Data segment =>

--- --- ---

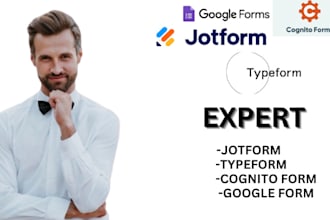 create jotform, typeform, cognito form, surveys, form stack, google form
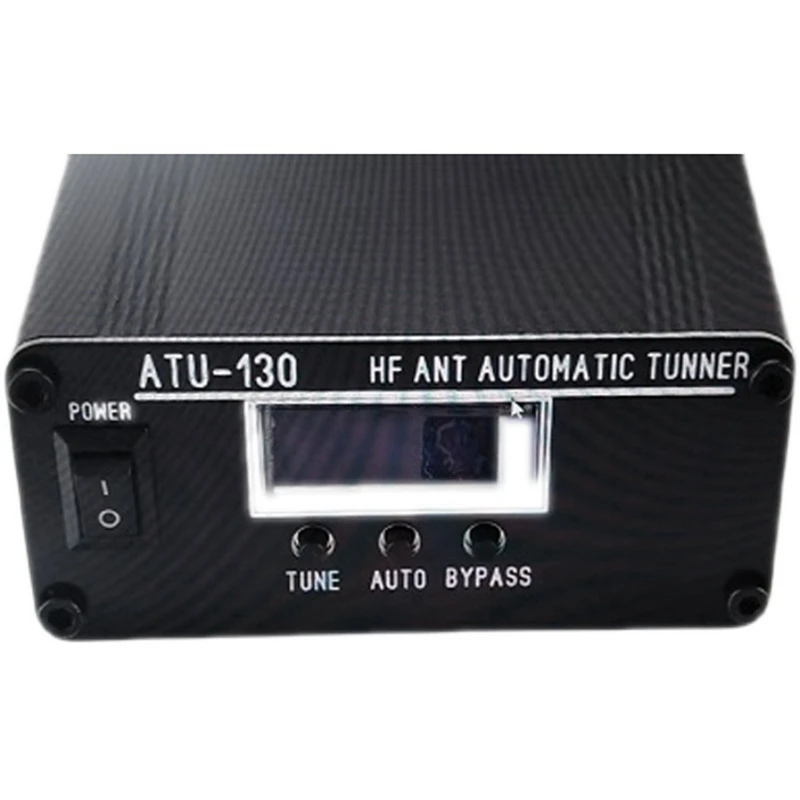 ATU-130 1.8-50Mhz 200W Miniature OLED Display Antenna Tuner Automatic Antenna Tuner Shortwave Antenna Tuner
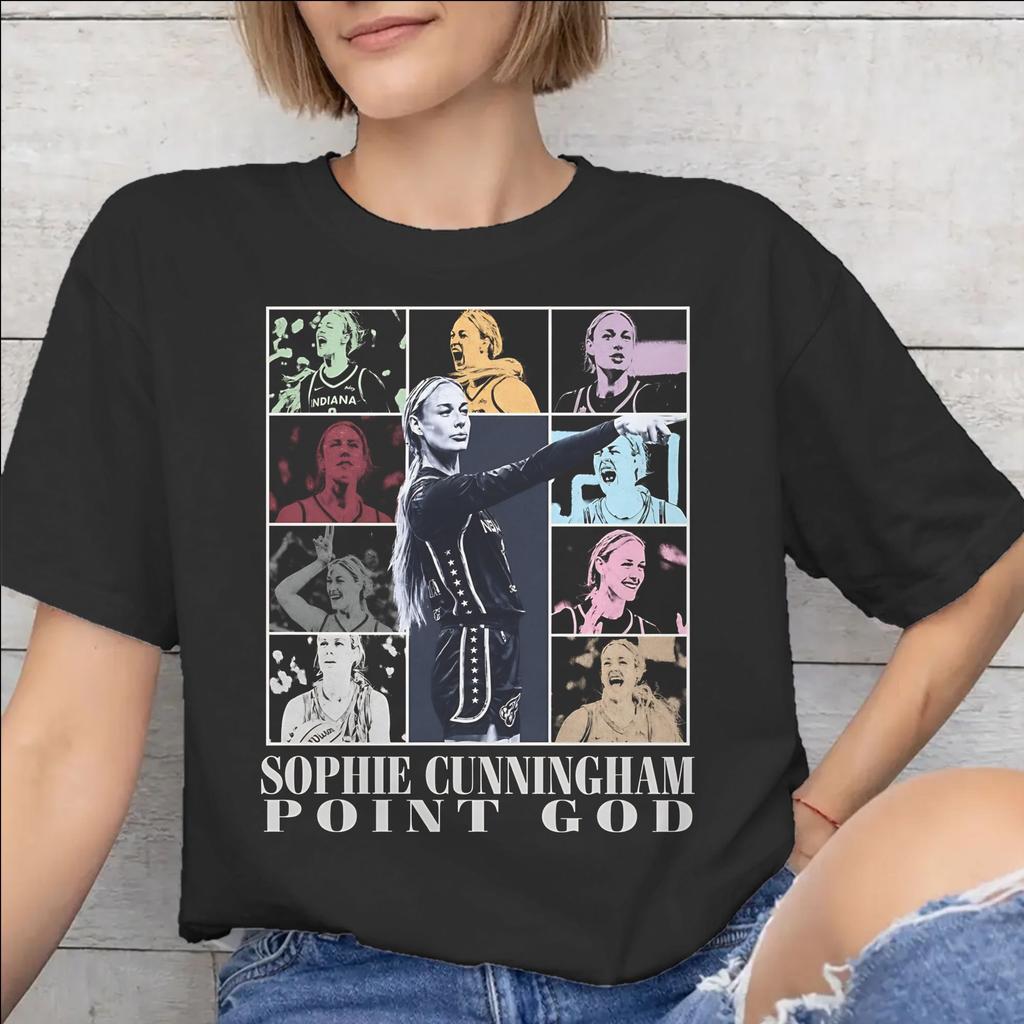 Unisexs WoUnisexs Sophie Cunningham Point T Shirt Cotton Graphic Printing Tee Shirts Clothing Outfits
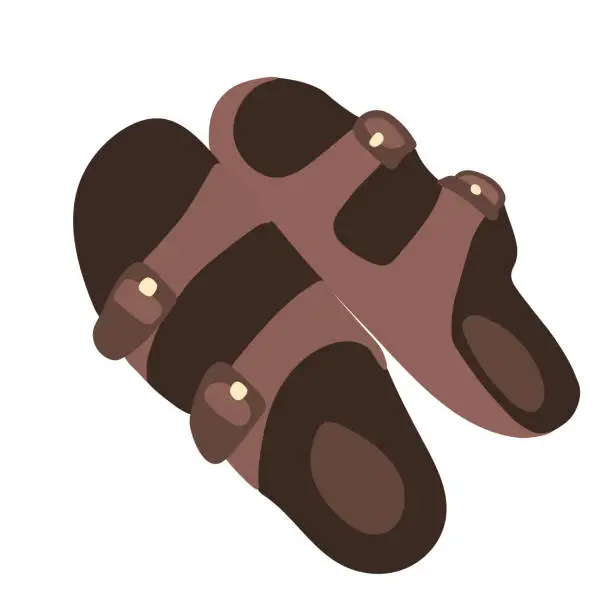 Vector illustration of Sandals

--- --- ---

Instructions for the task =>
Write out the data above exactly as it appears, but without any image.

Expected answer =>
 create jotform, typeform, cognito form, surveys, form stack, google form
 ATU-130 1.8-50Mhz 200W Miniature OLED Display Antenna Tuner Automatic Antenna Tuner Shortwave Antenna Tuner
 Unisexs WoUnisexs Sophie Cunningham Point T Shirt Cotton Graphic Printing Tee Shirts Clothing Outfits
 Vector illustration of Sandals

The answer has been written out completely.